If you can judge the quality of a book by how much the reader talks about it, this book is a great success.
When I received it, I quickly told friends about some of the amazing reviews and essays it contained. But I'm getting ahead of myself.
Let me just jump straight into the interview with Phillip Lopate, editor of American Movie Critics: An Anthology From The Silents Until Now
He previously edited The Art of the Personal Essay and other books, and has written several books, as well as a collection of film criticism: Totally Tenderly Tragically.
As a lover of film and good film criticism, I can attest this book is a gem.
Scott Butki: What did you intend to accomplish with this book project? Did you accomplish it?
Phillip Lopate: I wanted to offer up a possible "canon" of American film criticism, or at least start the discussion going, and at the same time to position film criticism as a type of American belles-lettres, a repository of some of the best critical prose we have. I do think I accomplished both aims, to my satisfaction, at least.
SB: How did you decide what to include and what to exclude?
PL: It was very hard to decide what to include and what to exclude. My main emphasis was on the past, and I am particularly proud of the historical sections. I knew the critics I wanted to include, but often they had written so much good stuff (or so much OK but undistinguished stuff) that it was hard to choose. I settled for those pieces that knocked me over, or bit me in the ass. Or were characteristic of some tendency or other. It was impossible to include everything worthwhile that someone like Vachel Lindsay or Manny Farber wrote, so I put in a few pieces that would represent their thinking and achievement.

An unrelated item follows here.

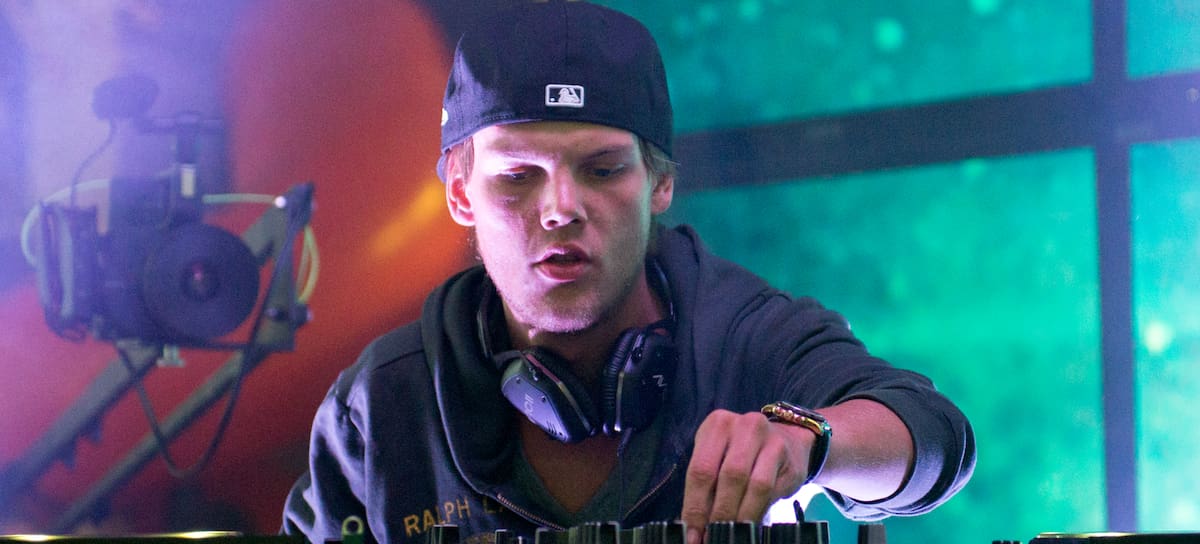 Avicii, durante una sesión en 2013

SB: Which is your favorite selection? Why?
PL: I don't have a single "favorite" selection, but I suppose the selection I did of Otis Ferguson pleased me the most, because he is fantastic and largely forgotten. I also got a kick out of Cecilia Ager, who wrote humorously from the women's fashion angle, and has also been largely forgotten.
SB: For me the most interesting one is the one about Gone With the Wind. That's the one I most wanted to exchange opinions about with fellow movie buffs. I searched in vain for a copy of it online. It's one thing to talk about movies like Crash but quite another to read a black film critic's indictment of this racist movie. What are your thoughts on that piece: "Gone With the Wind Is More Dangerous Than Birth of a Nation?"
PL: I love Melvin B. Tolson's Gone With the Wind piece. It is tough and true, and shows there is more to movies than pure sensation. I did a lot of reading of black critics in the past, and Tolson really stood out. I like the way he takes African-American audiences to task, doesn't just blame the success of the movie on whites.
SB: What do you think it is about film that makes it such a transfixing, absorbing medium, as your compilation demonstrates?
PL: Movies engulf us, partly because they are a synthesis of all the arts, partly because they speak to our dream minds and our fantasy lives in very direct ways. People get much angrier at film critics than they do at, say, art or architecture or music or dance critics, because loving or hating a movie is a very personal response, and when the critic disagrees, watch out!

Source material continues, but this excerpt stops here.